__TASK DIRECTIONS__. Could you copy exactly the lines below from the one with "Two piece long" to the one with "山姆会员店vs盒马鲜生：未来零售的蛇象之争", inclusive, leaving out any pictures?

__MATERIAL PROVIDED__.
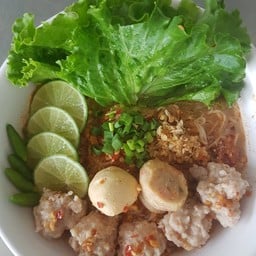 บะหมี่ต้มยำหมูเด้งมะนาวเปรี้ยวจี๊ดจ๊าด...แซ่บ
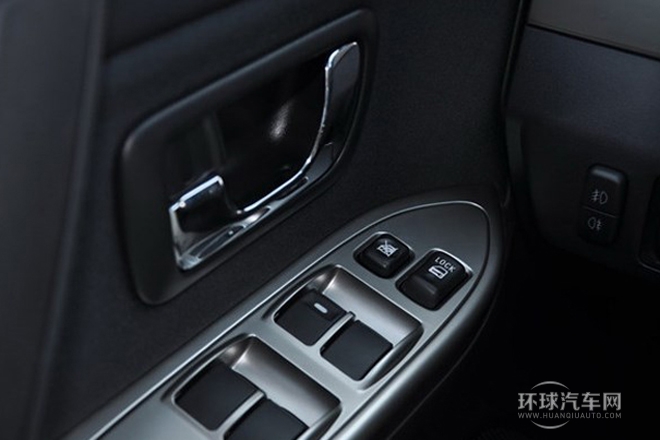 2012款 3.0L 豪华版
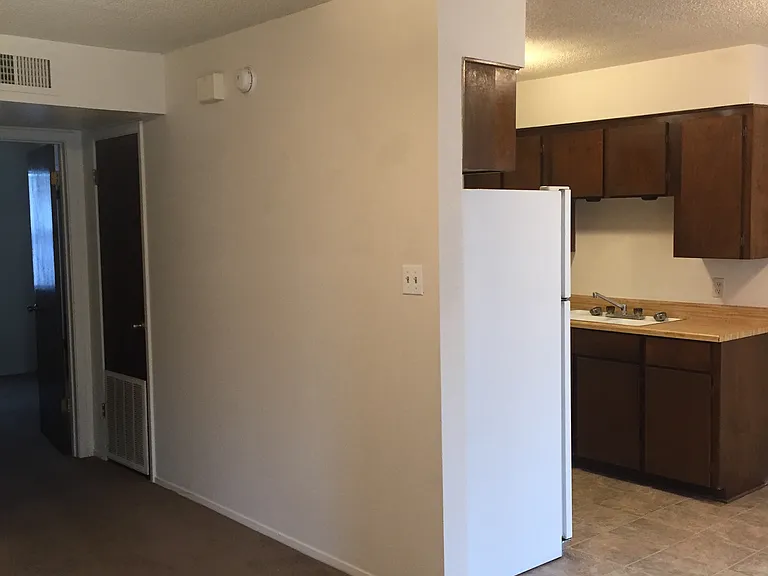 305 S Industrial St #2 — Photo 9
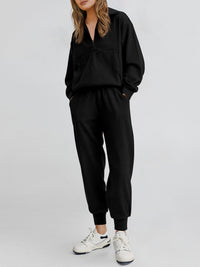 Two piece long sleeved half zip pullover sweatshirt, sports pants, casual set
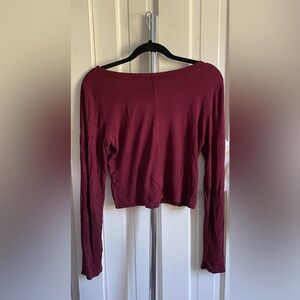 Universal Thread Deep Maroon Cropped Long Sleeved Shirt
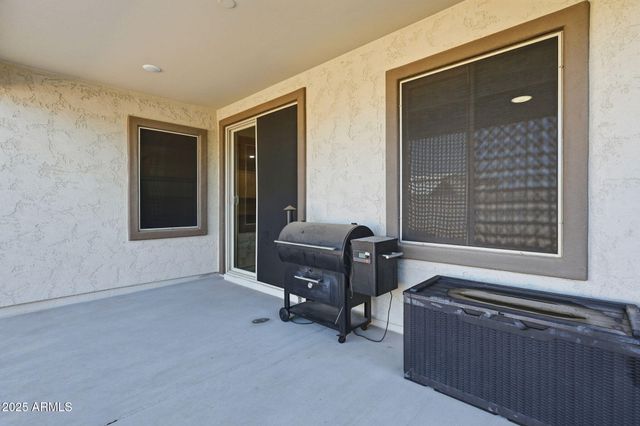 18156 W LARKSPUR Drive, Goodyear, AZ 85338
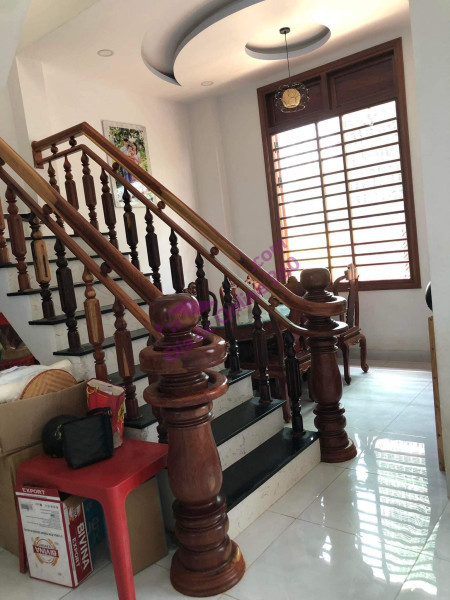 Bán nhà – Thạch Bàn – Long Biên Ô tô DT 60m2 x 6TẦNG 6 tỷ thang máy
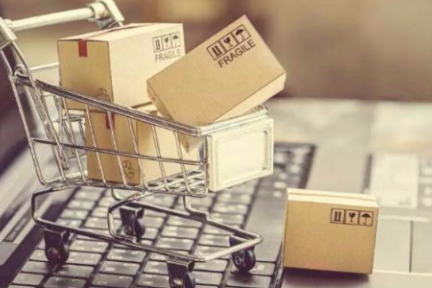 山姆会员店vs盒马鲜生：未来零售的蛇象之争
...
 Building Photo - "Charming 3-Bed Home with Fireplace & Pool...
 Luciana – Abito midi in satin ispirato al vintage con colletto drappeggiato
---
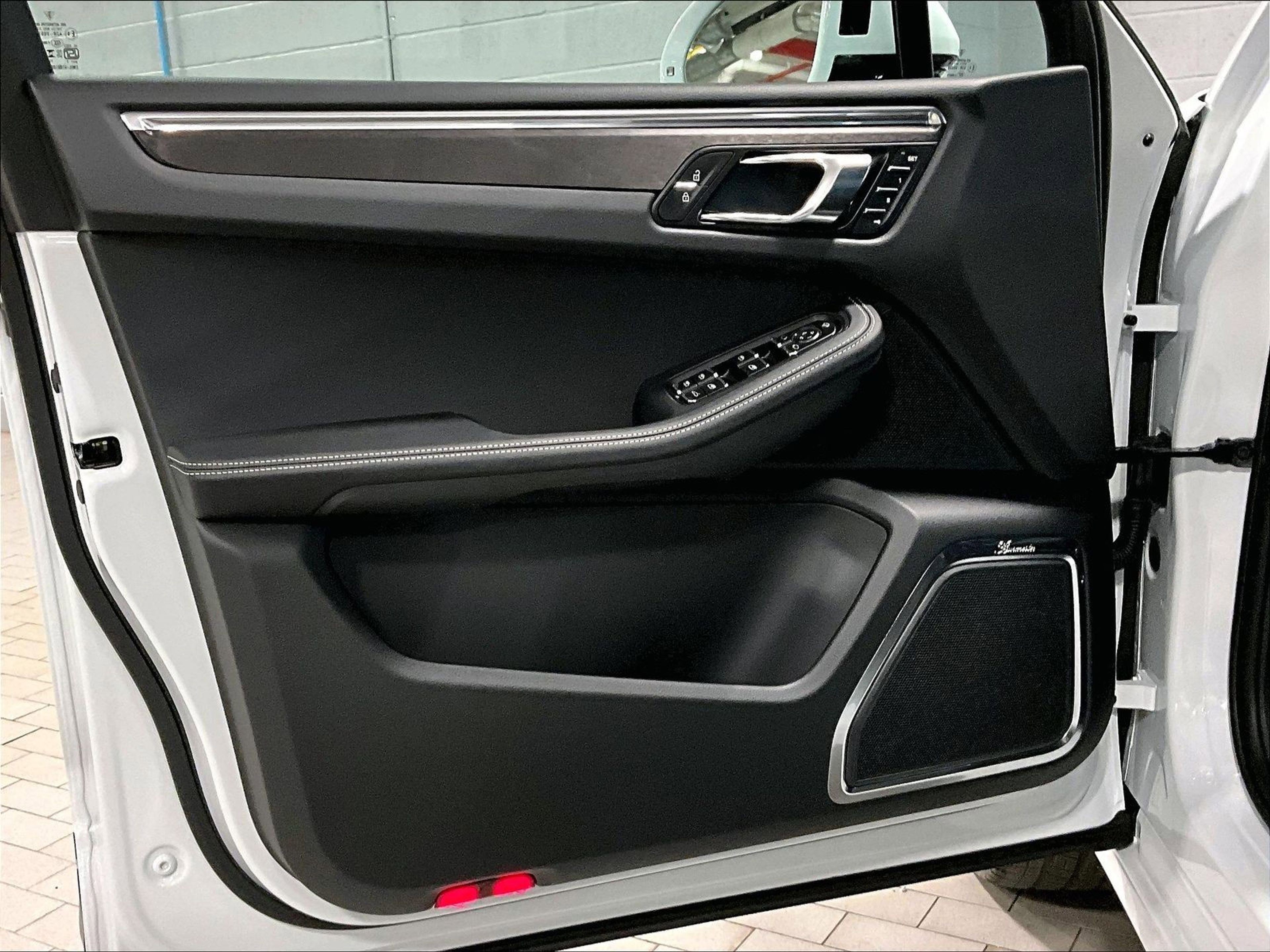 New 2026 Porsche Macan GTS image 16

__PROBLEM SOLUTION__.
 Two piece long sleeved half zip pullover sweatshirt, sports pants, casual set
 Universal Thread Deep Maroon Cropped Long Sleeved Shirt
 18156 W LARKSPUR Drive, Goodyear, AZ 85338
 Bán nhà – Thạch Bàn – Long Biên Ô tô DT 60m2 x 6TẦNG 6 tỷ thang máy
 山姆会员店vs盒马鲜生：未来零售的蛇象之争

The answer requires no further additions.